Alan W. Weinblatt, Esq., Jane L. Prince, Esq., and Weinblatt Gaylord PLC, St. Paul, MN, counsel for defendant.
ORDER
This matter is before the court on defendant Mo-Tech Corporation's ("Mo-Tech") motion for summary judgment. After a review of the file, record and proceedings herein, and for the following reasons, the court grants Mo-Tech's motion.
BACKGROUND
This employment dispute arises out of Mo-Tech's October 1, 2007, termination of plaintiffs Scott Johnson ("Johnson"), Richard Rahlf ("Rahlf") and Frank Stelter ("Stelter"). Mo-Tech is a privately-held Minnesota corporation that manufactures molds for consumer products and the automotive and medical industries. (Nielsen Dep. 17-19.) Johnson, Rahlf and Stelter began working at Mo-Tech as mold makers in 1990, 1992 and 1998, respectively. While at Mo-Tech, plaintiffs received positive performance reviews and were ranked among the most experienced and highest paid mold makers. (Kaster Aff. Exs. 3-6.)

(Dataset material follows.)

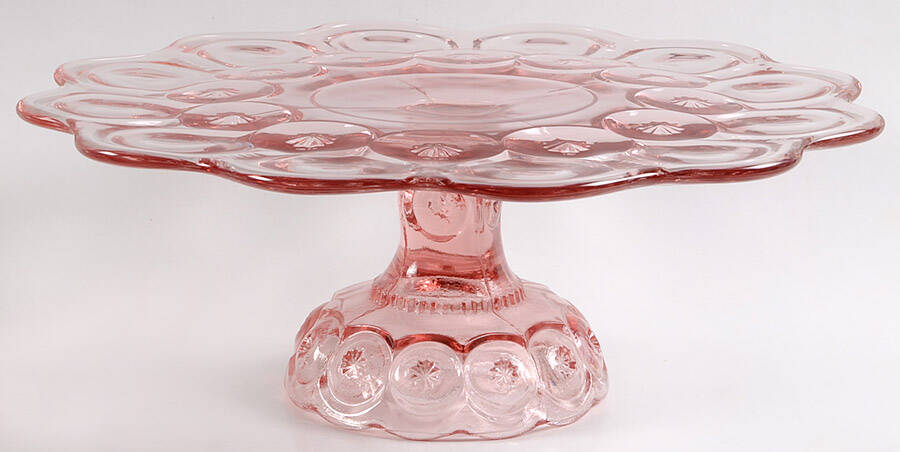 Moon and Star Pink Cake Stand by L G Wright Glass-1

In the summer of 2007, the President of Mo-Tech, Tom Nielsen ("Nielsen"), determined that a reduction in force ("RIF") was necessary due to an alleged lack of work. (Nielsen Aff. ¶ 6.) Nielsen met with Operations Manager Tom Pickar and Tooling Manager Tim Pickar throughout September 2007 to assess the number of mold makers to lay off. (Id. ¶ 11; Nielsen Dep. 84-85.) The three men ranked eight of Mo-Tech's eleven Class A mold makers based upon their efficiency, reliability and ability to operate computer numerical control ("CNC") machines. (Nielsen Aff. ¶ 13.) Johnson, Stelter and Rahlf received the lowest rankings and were selected for termination. (Id. ¶¶ 17-19; Nielsen Dep. 84.)
The three unranked Class A mold makers performed different duties than the ranked group. (Nielsen Aff. ¶ 15.)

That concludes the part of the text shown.